A similar interaction between structure and intuition occurs in the work of Shawna Moore, who lives and works in Whitefish, Montana. Moore uses beeswax to make her encaustic-on-panel paintings. Sometimes, as in “Icelandic” (2018), geometric shapes define the compositions, while other paintings, like “Critical Mass” (2019), are monochromes. No matter how minimal, Moore’s process—involving layers of wax and pigment—always conveys a textured, earthy awareness of natural complexities.

James, courtesy Telluride Gallery.

Texture defines Kristin Beinner James’ monochromes. James, who works in Los Angeles, combines oil, acrylic and wax on unconventional substrates such as aluminum, meshes, jutes, or other textiles. An expanse of black pigment, in James’ hands, becomes a dense terrain that connotes sweltering asphalt and melted rubber; an expanse of pink can appear simultaneously plush and weathered, while an earthy brown merges and bleeds into neutrally-colored fabric. “The paintings,” says James, “present an other-side, a space of porous boundaries.”

The paintings of Krista Harris,  who is based in Southwest Colorado, feel at once wide-open and elusive, as if they are capturing a turbulence that can never fully be understood. In “Yes, Please,” a cloud of white floats above a sea of gesture, color, and sensual marks, offering a moment of opacity in a visual universe that is almost too open and active.

Harris, Once More With Feeling


Depth and delicacy coexist in Emmi Whitehorse’s paintings, ethereal, abstract landscapes in which the presence of the wind, moving through layers of color and mark-making, is almost palpable. She works in mixed-media, painting and drawing techniques that takeb together approximate the multi-textured natural world.

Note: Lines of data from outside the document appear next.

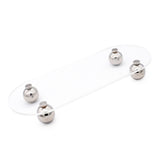 Acrylic Storage Tray Clear Transparent Stainless Steel Round Feet Minimalist Style Decorative Practical Desktop Shelf for Cafes Oval - Front View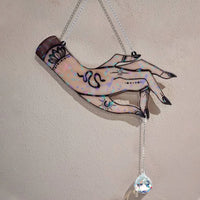 Witchy Hand Stained Glass Effect - Hologram Window Hanging With Charm - Gift Idea For Witch Lover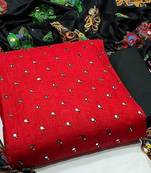 VredeVogel Red Cotton slub Unstiched Dress Material 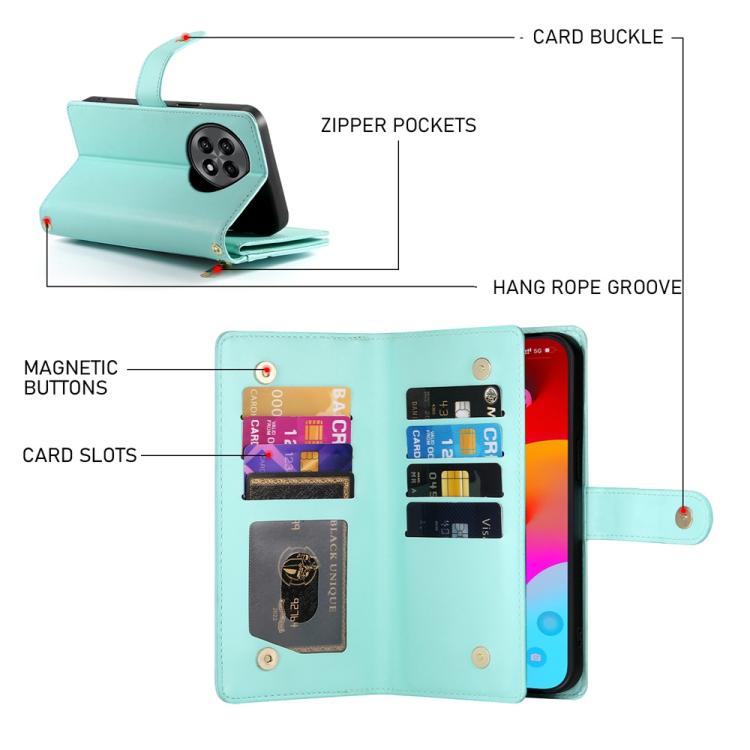 For OnePlus 13R / Ace 5 / Ace 5 Pro Nine Card-slot Zipper Wallet Bag Leather Phone Case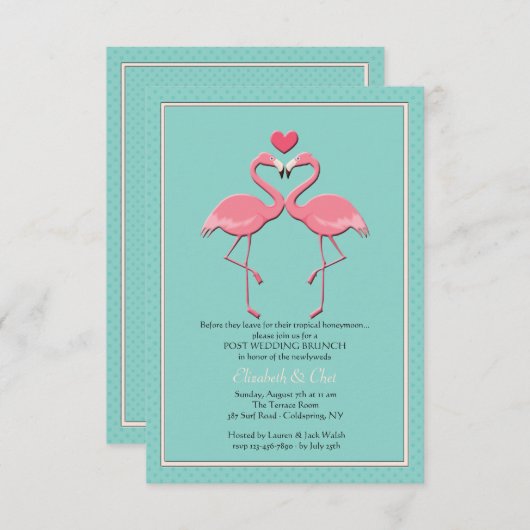 Flamingo Couple Einladung (Vorne/Hinten)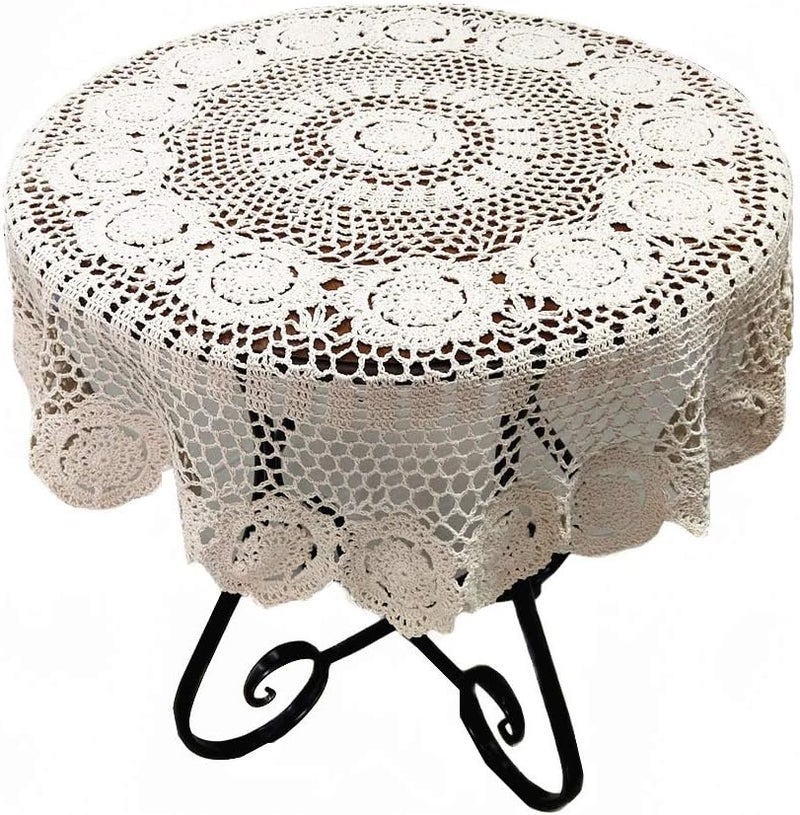 USTIDE 40-inch Handmade Crochet Cotton Tablecloth Round Beige Crochet Tablecloths Table Covers - Image 1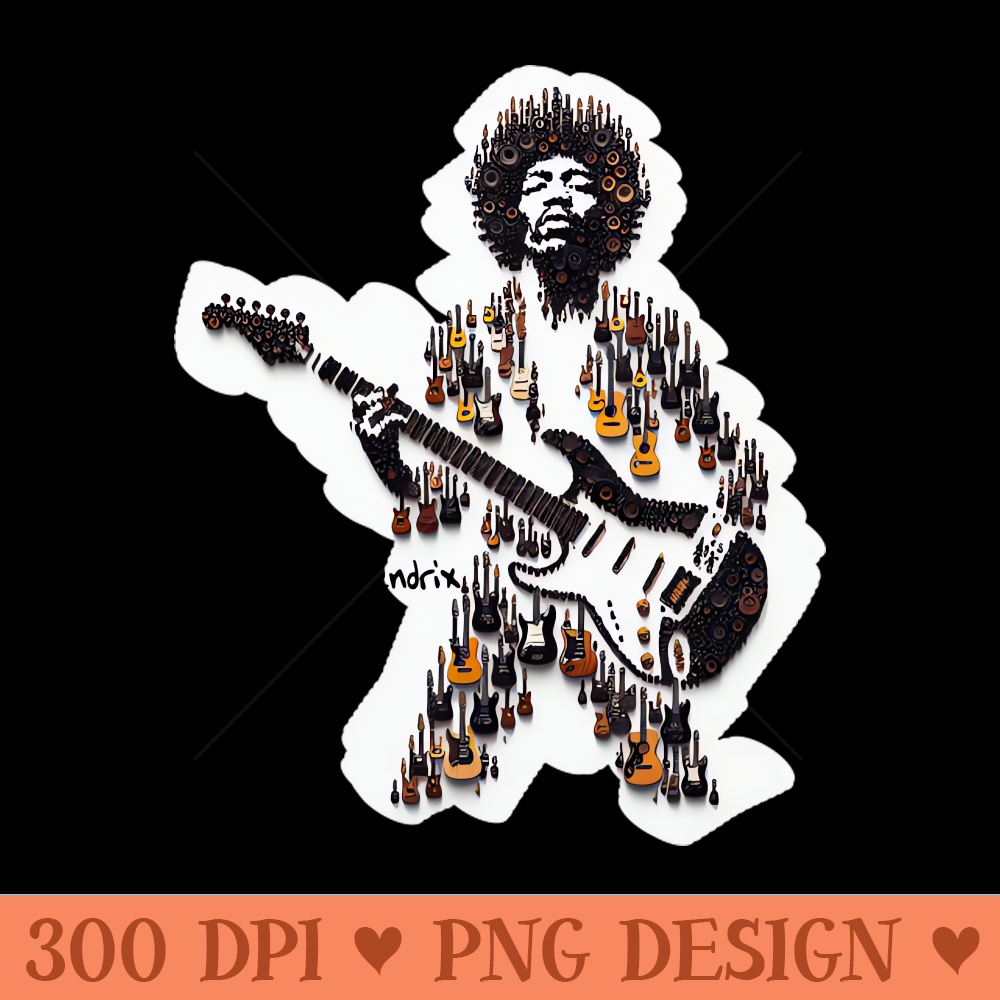 Jimi Hendrix - PNG graphics - Stunning Sublimation Graphics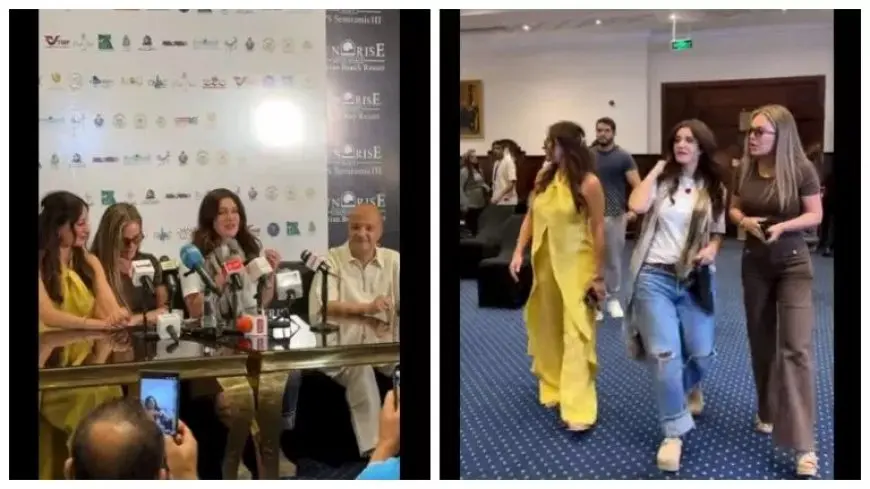 فيديو طريف يجمع نرمين الفقي ونيكول سابا مع غادة عادل ونجلها بالغردقة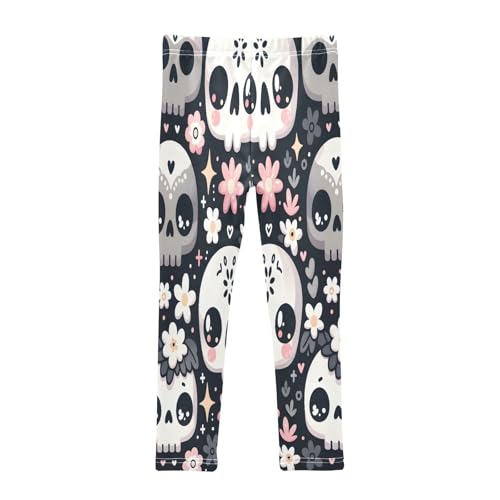Bolaz Toddler Girls Leggings Printed Yoga Pants Leggings Grey White Skull for Kids2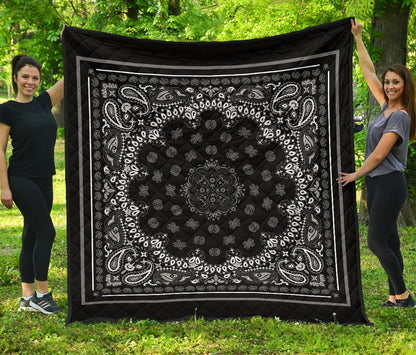 Quilt 2 Gray on Black w Gray Sq.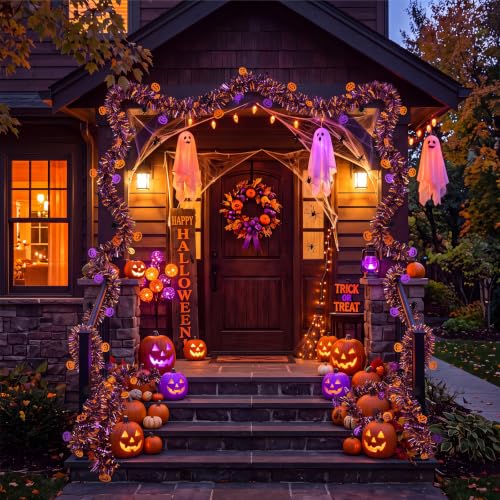 Halloween Garland Glitter Tinsel 100ft for Decoration - Orange Purple Black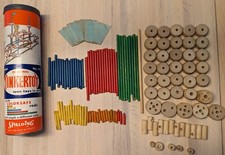Vintage Tinkertoy-Style Wooden Construction Set with Spools, Rods, and Fabric Flags — listing 6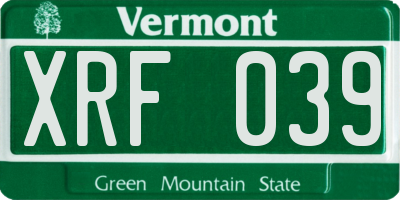VT license plate XRF039
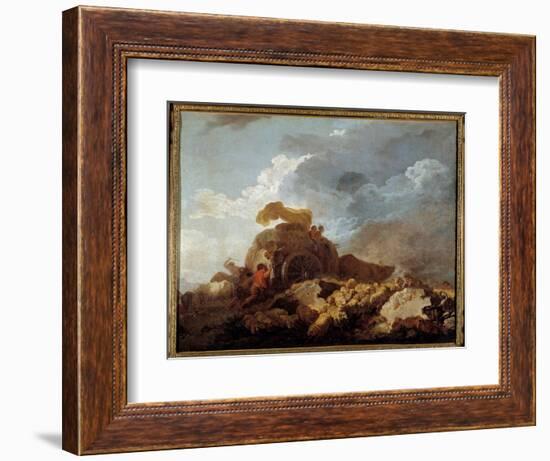 L'orage Ou La Charrette Embourbee, 18Th Century (Oil on Canvas)-Jean-Honore Fragonard-Framed Giclee Print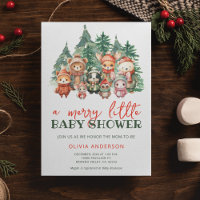 Merry Little С ute Winter Baby Dusche Einladung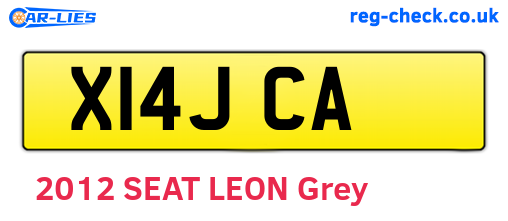 X14JCA are the vehicle registration plates.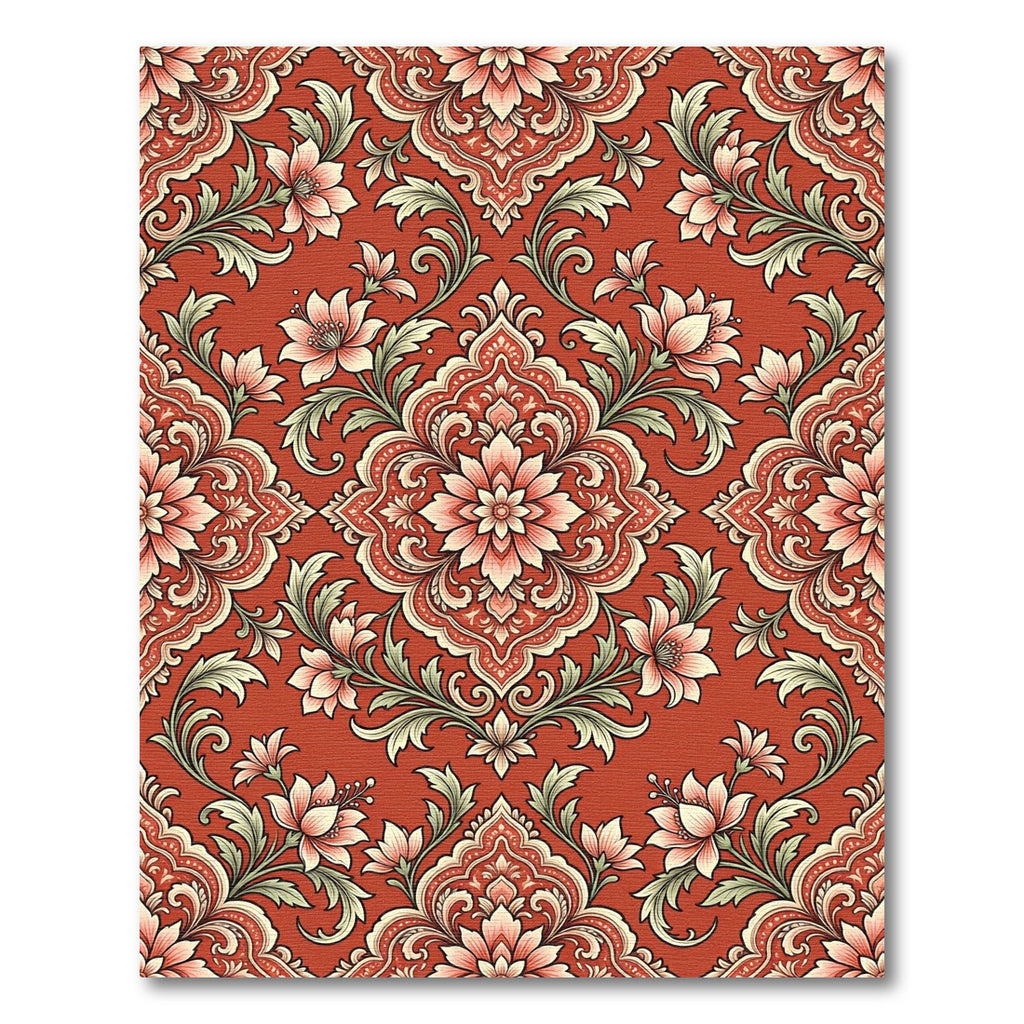Coral Floral Damask Scrolling Vines Rug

Whitehorse grew up in the Navajo Nation in Gallup, New Mexico, and now works in Santa Fe, where her history and surroundings inform her art-making. Critic Lucy Lippard argues that, as “consummate abstractions” that also offer “metaphysical views from the Navajo world,” Whitehorse’s images “offer to viewers ‘from both worlds’ a glimpse of what art can be.”

Whitehorse, Mer, #16


For Victoria Huckins, who works out of an avocado grove in northern San Diego, art is discovery, each painting the result of an imaginative process in which, Huckins says, “I react to what is happening naturally within the piece.” This series of reactions results in an often exuberant, culturally savvy universe on canvas. In “Jubilation No. 6,” for example, the language of expressionism coexists with that of graffiti, and expanses of opaque color overlap lighter, agile washes. The painting conjures a sunset over the Pacific and the side of an enthusiastically, densely tagged building.

Victoria Huckins Chinese New Year


Victoria Huckins Group of 12

Aware of painting’s charged and exclusionary history, the six women artists treat the medium as a tool for bridge-making and excavation. Painting, in the context of this shown at the Telluride Gallery, is far less about avant-garde achievement and individuality than about connectivity with past, present, future, and nature. Hard edges coexist with soft ones, just as the organic and arbitrary coexist with order and pattern. Painting means many things at once, its openness here a rejection of needless and often elitist art historical divisions and categories.

In their capable hands, n#MeToo becomes #WeToo.